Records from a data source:
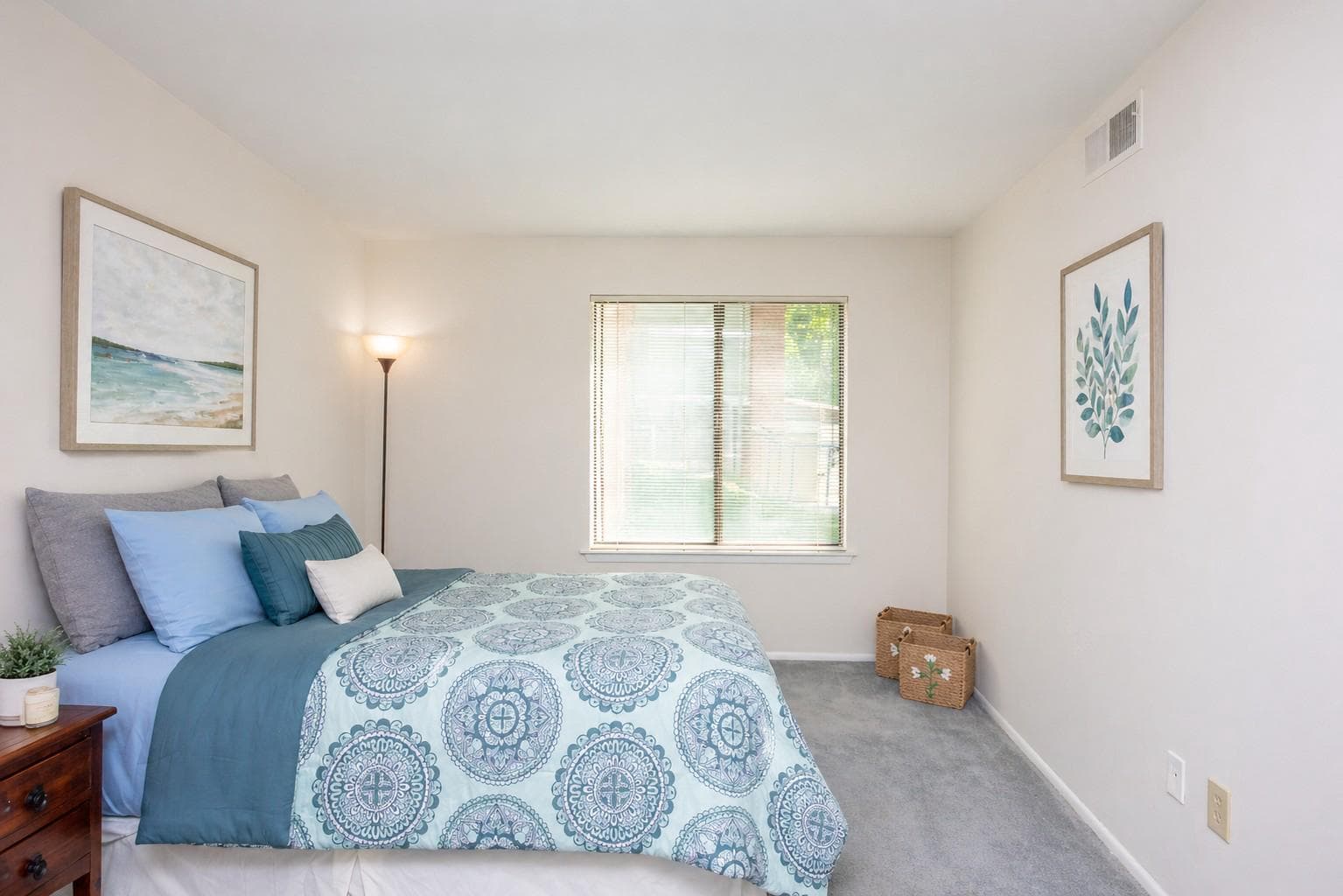 3160 Adderley Court #242-A photo 12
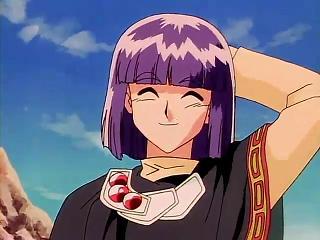 그건 비밀입니다♡ 하면 떠오르는 인물 | 인스티즈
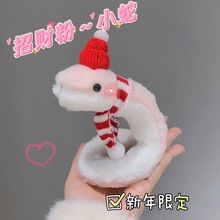 �ɐ�С�߹��Ѓ�ͯë�q��߲��������߷�����ż�͏d�[�����꼪����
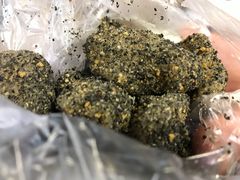 -叶氏麻糍(鼓浪屿店)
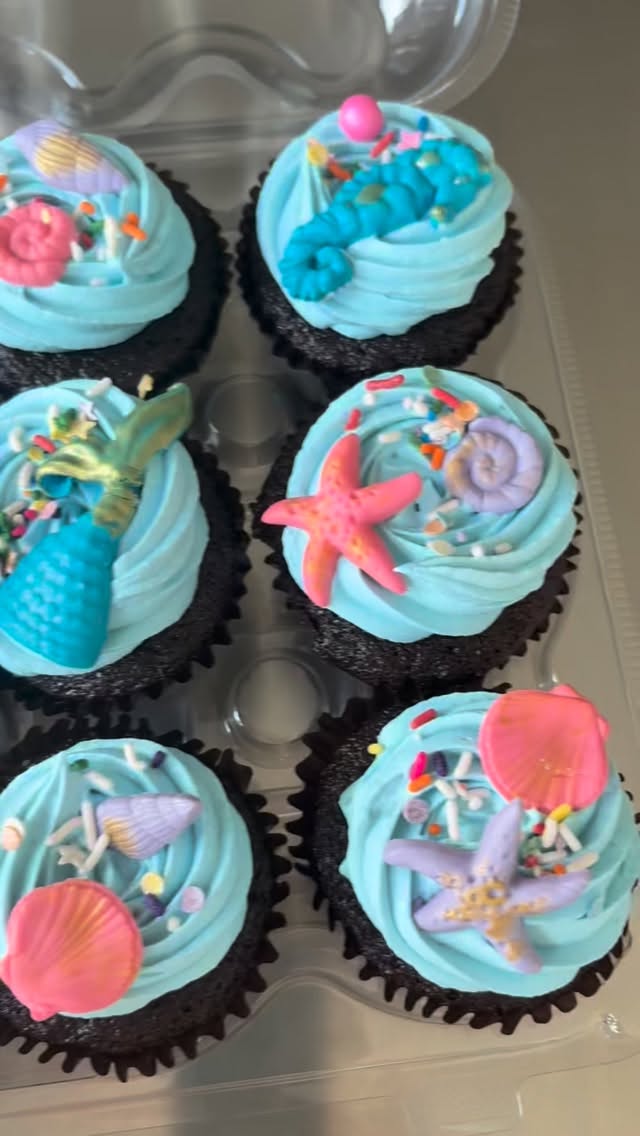 #underthesea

How to complete this task >> Generate a word-for-word copy of the preceding records, excluding all pictures.

Result of the task >>
 3160 Adderley Court #242-A photo 12
 그건 비밀입니다♡ 하면 떠오르는 인물 | 인스티즈
 �ɐ�С�߹��Ѓ�ͯë�q��߲��������߷�����ż�͏d�[�����꼪����
 -叶氏麻糍(鼓浪屿店)
 #underthesea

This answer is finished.